2004 saw many sequels and prequels in video games, such as Doom 3, Dragon Quest VIII, Gran Turismo 4, Grand Theft Auto: San Andreas, Half-Life 2, Halo 2, Metal Gear Solid 3: Snake Eater, Ninja Gaiden, Pokémon FireRed/LeafGreen/Emerald, Everybody's Golf 4 (Hot Shots Golf Fore!), Prince of Persia: Warrior Within, and World of Warcraft. New intellectual properties included Fable, Far Cry, FlatOut, Killzone, Katamari Damacy, Monster Hunter, N, Red Dead Revolver, SingStar, and Sacred. The Nintendo DS was also launched that year.

The year has been retrospectively considered one of the best and most important in video game history due to the release of numerous critically acclaimed, commercially successful and influential titles across all platforms and genres at the time. The year's best-selling video game was Grand Theft Auto: San Andreas. The year's most critically acclaimed titles were Dragon Quest VIII and Gran Turismo 4 in Japan, and Half-Life 2 and San Andreas in the West.

Events
January 20 – Wired'''s Vaporware Awards gives its first "Lifetime Achievement Award" to recurring winner Duke Nukem Forever.
February 26 – Castle Wolfenstein creator Silas Warner dies at age 54.
March 4 – Academy of Interactive Arts & Sciences hosts 7th Annual Interactive Achievement Awards; inducts Peter Molyneux into the AIAS Hall of Fame.
March 22–26 – Game Developers Conference hosts 4th annual Game Developers Choice Awards and Gama Network's 6th annual Independent Games Festival (IGF).
May 11 – Nintendo officially announces its "Revolution" (later named Wii) console.
May 11–13 – The 10th annual E3 is held in Los Angeles, California, United States.
July – IEMA (Interactive Entertainment Merchants Association) hosts 5th annual Executive Summit.
August 3 – Doom 3 is released, restarting the breakthrough franchise, and featured complex graphics features such as unified lighting and shadowing, real-time fully dynamic per-pixel lighting and stencil shadowing.
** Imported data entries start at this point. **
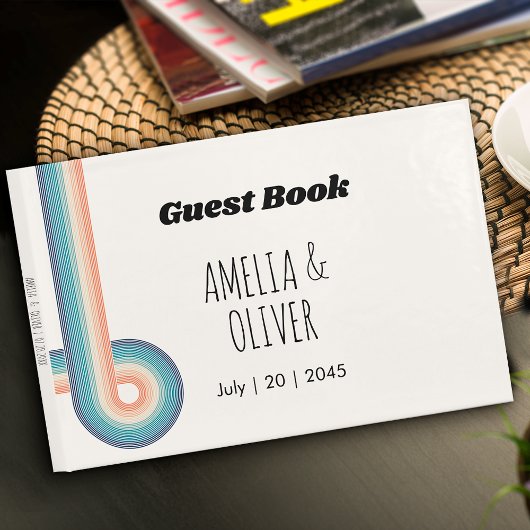 Retro Old Style 70s Wedding Guest Book Gastenboek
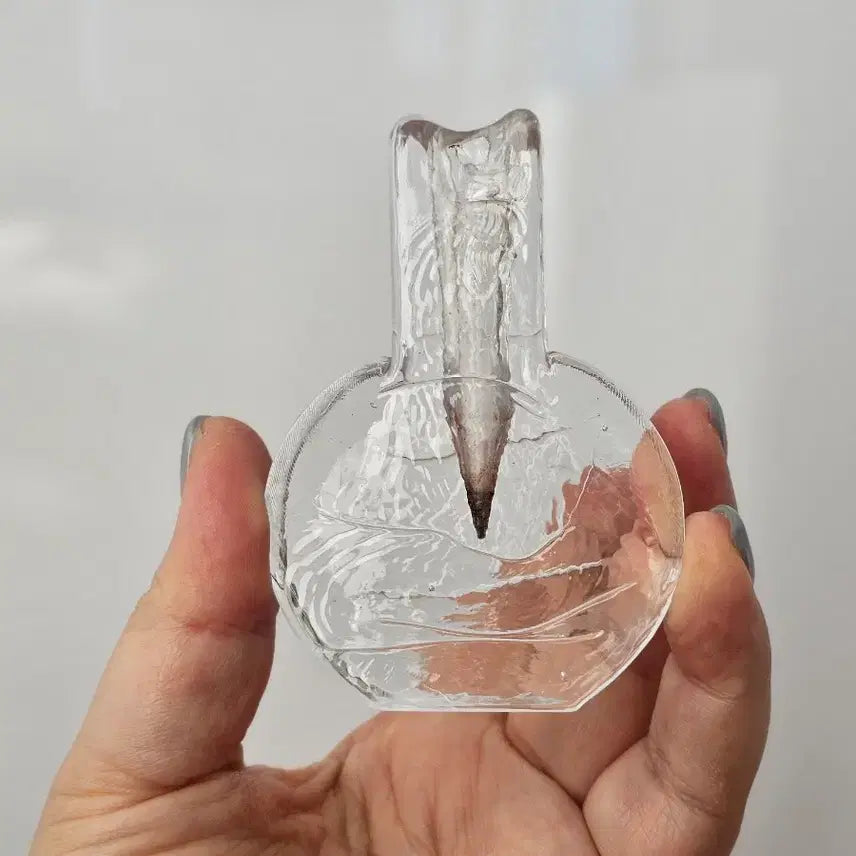 [BUNJANG] Vintage Transparent Glass Pen Holder, Bud Vase, Candlestick Holder / 빈티지 투명 유리 펜 홀더 한송이 화병 촛대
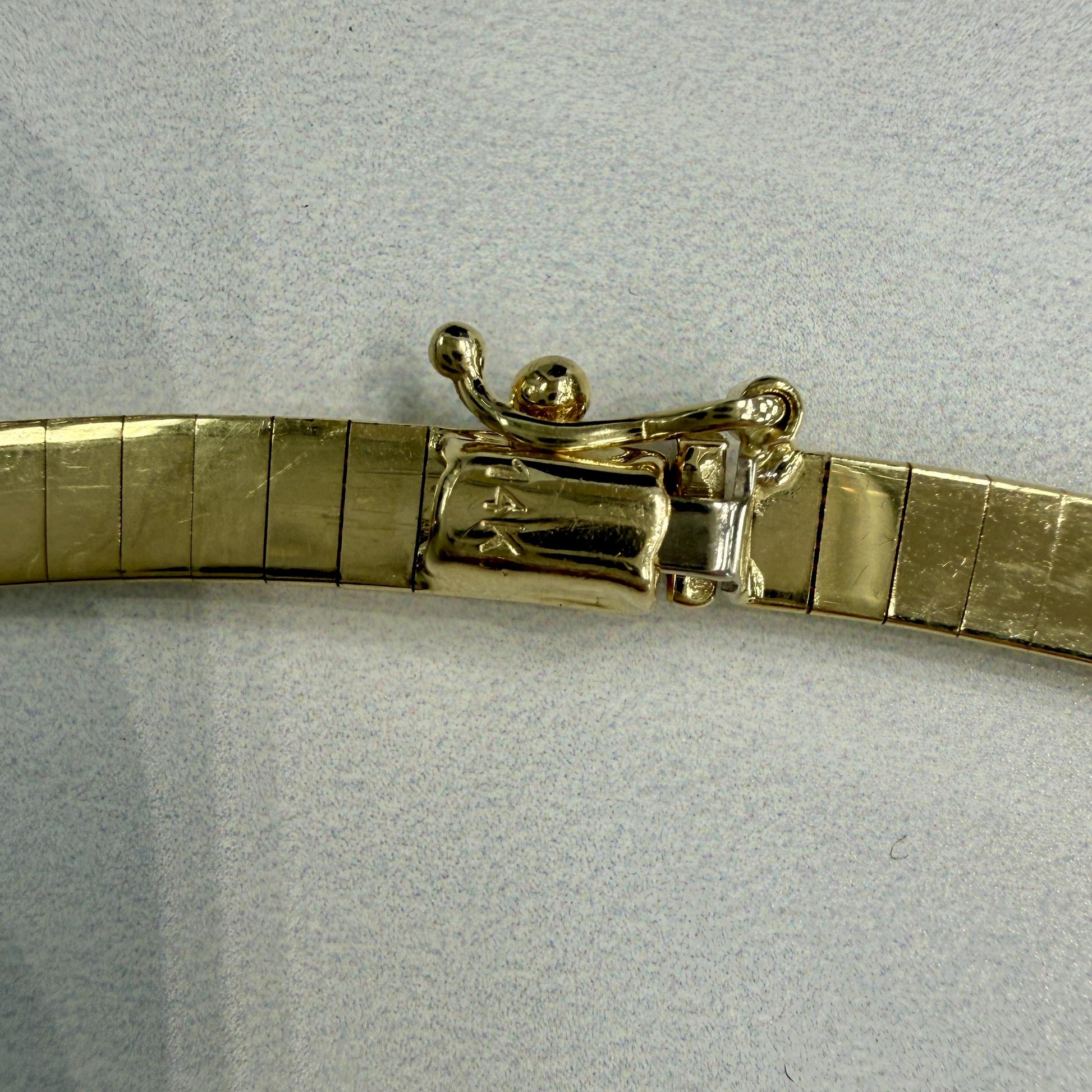 4mm Omega Chain Necklace 14k Yellow Gold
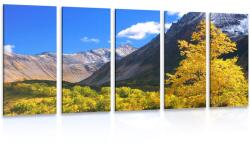Dovido Tablou 5-piese natura frumoasă pe Kamchatka în Rusia - 100x50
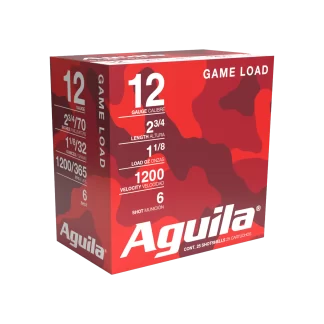 AGUILA 12GA 2 3/4" 1-1/8 OZ #6 25RD BX 10 BXS PER CS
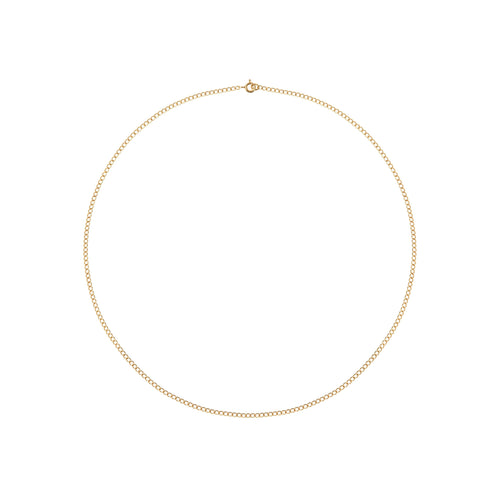 22ct Gold Vermeil Chain Necklace - Freya Rose Designer Necklace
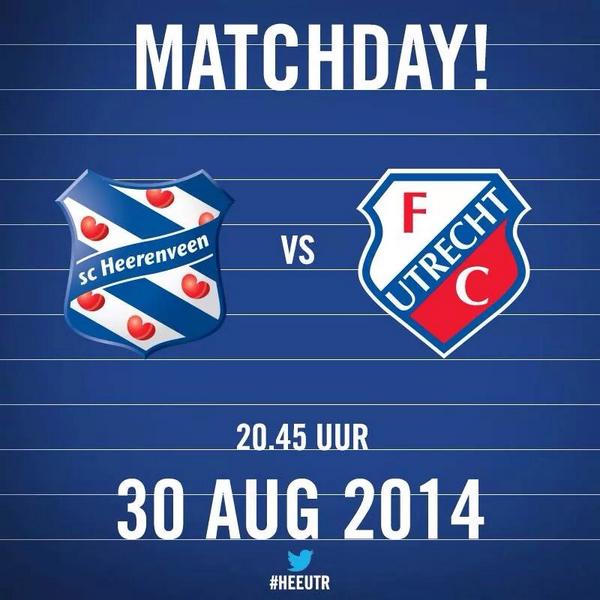 fcutrecht's tweet photo. Matchday! Retweet om #fcutrecht succes te wensen in Friesland! #heeutr http://t.co/8cKgM7PvUF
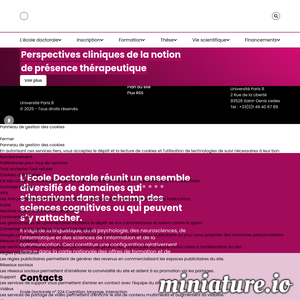 univ-paris8.fr网站缩略图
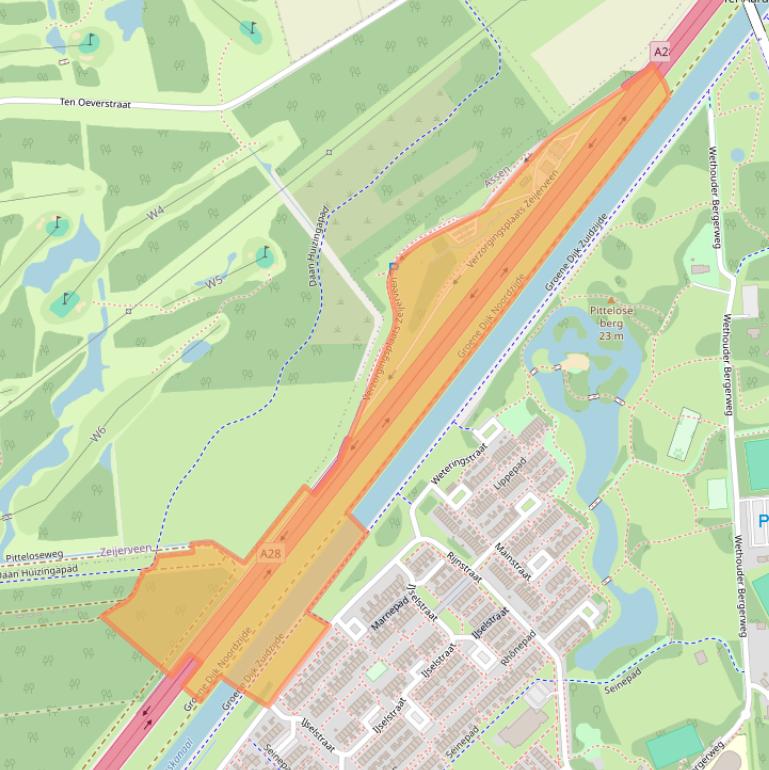 Kaart van postcodegebied 9489TZ.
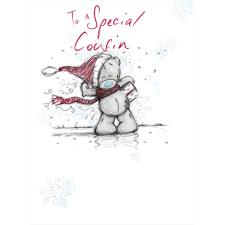 Special Cousin Me to You Bear Christmas Card Image Preview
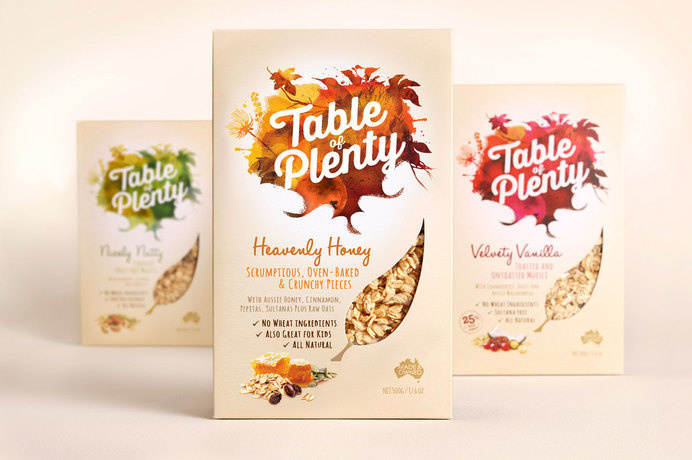 Before & After: Table of Plenty — The Dieline #packaging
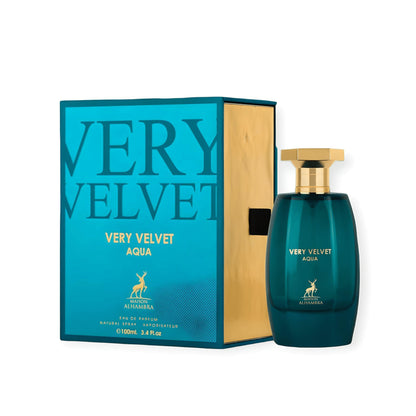 Very Velvet Aqua By Maison Alhambra Eau De Parfum Spray 100ml Fragrance Scent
The game became id's best selling game to date.
October 12 – EA Sports launches the multi-format FIFA Football 2005. It is the last major title to be released for the original PlayStation console.
November – Counter-Strike: Source and Half-Life 2 are officially released on PC around the world, bringing in a new era for the first-person shooter genre of video games, with advanced graphics & physics.
November 5 – Nobuo Uematsu resigns from Square Enix and becomes a freelancer, starting his own business, called Smile Please Co., Ltd.
November 17 – Atari Releases the Atari Flashback.
November 21 – Nintendo launches its Nintendo DS handheld in the United States with the enhanced remake Super Mario 64 DS.
December 12 – Sony launches the PlayStation Portable in Japan, and was soon released in other markets in 2005.

Business
January 12 – Ubisoft acquires Tiwak.
February – Electronic Arts consolidates, rolls most of Maxis and all of Origin Systems into its Redwood Shores, California HQ.
March – Microsoft announces XNA the successor of DirectX as the default API for "Longhorn", and Xenon.
April 6 – Midway Games acquires Surreal Software.
May – Sammy Corporation buys a controlling share in Sega Corporation at a cost of $1.1 billion creating the new company, Sega Sammy Holdings, one of the biggest video game companies in the world.
July – Square Enix restructures executive branches around the world.
September 1 – Acclaim declares bankruptcy and closes its doors.
October 11 – Midway Games acquires Inevitable Entertainment and renames it Midway Studios Austin.
November 30 – Midway Games acquires developer Paradox Development.
December 13 – Electronic Arts purchases a 5-year exclusive agreement for the rights to the NFL, which includes NFL teams, stadiums and players for use in EA's football video games.
December 20 – Electronic Arts purchases 20% stake in Ubisoft. The purchase at the time was considered "hostile", by Ubisoft.

Trends
In 2004, the total U.S. sales of video game hardware, software and accessories was $9.9 billion compared with $10 billion in 2003. Total software sales rose 8 percent over the previous year to $6.2 billion. Additionally, sales of portable software titles exceeded $1 billion for the first time. Hardware sales were down 27 percent for the year due in part to shortages during the holiday season and price reductions from all systems.

Video game consoles
Nintendo GameCube
Xbox
PlayStation 2
Sony released an internal hard drive for the PlayStation 2 on March 23
The third major hardware revision of the PlayStation 2 (model number SCPH-70000) was released in Japan on November 1

Handheld game systems
The dominant handheld systems in 2004 were:
Game Boy Advance SP
N-Gage

Additionally, Nokia released an updated version of their original N-Gage, called the N-Gage QD. Nintendo released the Nintendo DS on November 21 in the United States. In Japan Sony released the PlayStation Portable on December 12.

Best-selling video games

 Japan 

 United States 

 PAL regions 

 Top game rentals in the United States 

Critically acclaimed titles

 Famitsu 
In Japan, the following video game releases in 2004 entered Famitsu'' magazine's "Platinum Hall of Fame" and received Famitsu scores of at least 36 out of 40.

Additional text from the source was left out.